Obéir, oui mais encore ?
Celui qui n’aurait ni le temps ni l’envie de se lancer dans les 185 pages de l’enquête « Les jeunesses face à leur avenir », menée par la Fondation pour l’innovation politique (et téléchargeable sur son site), sera bien avisé d’en lire la préface due à la plume de François de Singly. De jeunes Français qui apparaissent nettement plus pessimistes que les autres quant à leur avenir, Japonais exceptés, en particulier parce qu’ils doutent fortement de leur liberté et du contrôle qu’ils peuvent avoir sur leur propre avenir. Très inquiétant, également, le rapport des jeunes Français à l’autorité, considérée comme supérieure à l’indépendance. Pour François de Singly, « la France est même le seul pays où le rapport entre l’indépendance et l’obéissance est négatif. Les jeunes Français sont plus nombreux à estimer que l’obéissance est très importante, comparativement à l’indépendance ». Enquête qui met à mal, donc, les clichés sur les jeunes sans repères, perpétuellement révoltés et qu’il convient d’abord de dompter. « Ce résultat observé en France – poursuit François de Singly – peut surprendre car ce pays a connu en 1968 une révolte nettement antiautoritaire des jeunes. Malgré ce moment important, l’inversion de valeur ne s’est pas produite de manière durable. Contrairement à une représentation répandue par des politiques, des intellectuels, des médias, les excès de l’individualisme antiautoritaire ne caractérisent pas la France (...). L’enfant, le jeune, n’est pas roi, même de sa vie. Il n’exerce le pouvoir que sur ses vêtements, sa musique mais son avenir scolaire ne lui appartient pas (...). [Les jeunes] n’ont le droit à la libre expression d’eux-mêmes que dans des territoires limités et pour les temps dits libres ».

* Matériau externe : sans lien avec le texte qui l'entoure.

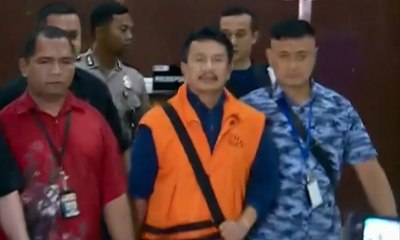 KPK Tetapkan Bupati Jombang sebagai Tersangka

Si cette spécificité est à mettre en rapport avec les difficultés, plus fortes qu’ailleurs, rencontrées par les jeunes Français pour rentrer dans la vie active, elle interpelle également l’école et ses acteurs, dont, au passage, les jeunes ont une image plutôt négative. Car après tout, si le souci d’obéissance doit l’emporter sur l’indépendance, avec toutes les dérives que cela peut engendrer, c’est peut-être aussi parce que le système scolaire, en France, privilégie bien davantage l’obéissance, le respect de la règle que l’esprit de responsabilité, d’autonomie et d’initiative. A tous les moments de sa scolarité – que ce soit lors des procédures d’orientation, dans le déroulement d’une heure de cours ou dans ses rapports avec l’enseignant – l’élève se voit imposer des attitudes, qui deviennent très vite des réflexes, de soumission, de déférence d’où le regard critique, l’expression personnelle sont absents. La distance, toute empreinte de méfiance et de crainte qui sépare en France enseignants et élèves a toujours été relevée par ceux des jeunes qui, à un moment ou à un autre, ont connu une scolarité à l’étranger ou bien par des étrangers que le hasard d’un échange scolaire fait fréquenter pendant quelque temps un établissement français. Ils n’en conservent généralement pas un bon souvenir. Comme François de Singly le fait judicieusement observer, si Mai 68 a été l’occasion d’une certaine libération sexuelle, « cela n’a pas suffi à modifier aussi fortement qu’ailleurs l’éducation , familiale et scolaire, de la jeunesse, à créer les conditions pour que les jeunes puissent devenir maîtres de leur existence. » Et ce n’est pas le renforcement de la discipline scolaire, que l’on voit à l’œuvre un peu partout depuis quelques années – cf l’allongement sans fin des règlements scolaires et des interdits – qui peut laisser augurer une évolution positive.
Outre qu’il n’y a rien de bon à attendre d’un pays qui considère l’obéissance comme une valeur suprême, ce pessimisme des jeunes pourrait bien déboucher à moyen terme sur des conséquences plus terre-à-terre : d’après cette enquête de la Fondapol , seuls 11% des jeunes Français affirment être prêts « à payer les impôts nécessaires pour verser les retraites des générations plus âgées ». «Est-ce une manière pour eux – s’interroge François de Singly – de prendre leur revanche sur ces générations qui les précèdent ? ». Question que l’on ferait bien, effectivement, de se poser dans les écoles, alors que toute une génération d’enseignants devrait prendre sa retraite dans les années qui viennent.
Bon, mine de rien, ce message est quand même le 500e posté sur Journal d'école depuis sa création en avril 2005. Encore un prof qui a du temps à perdre.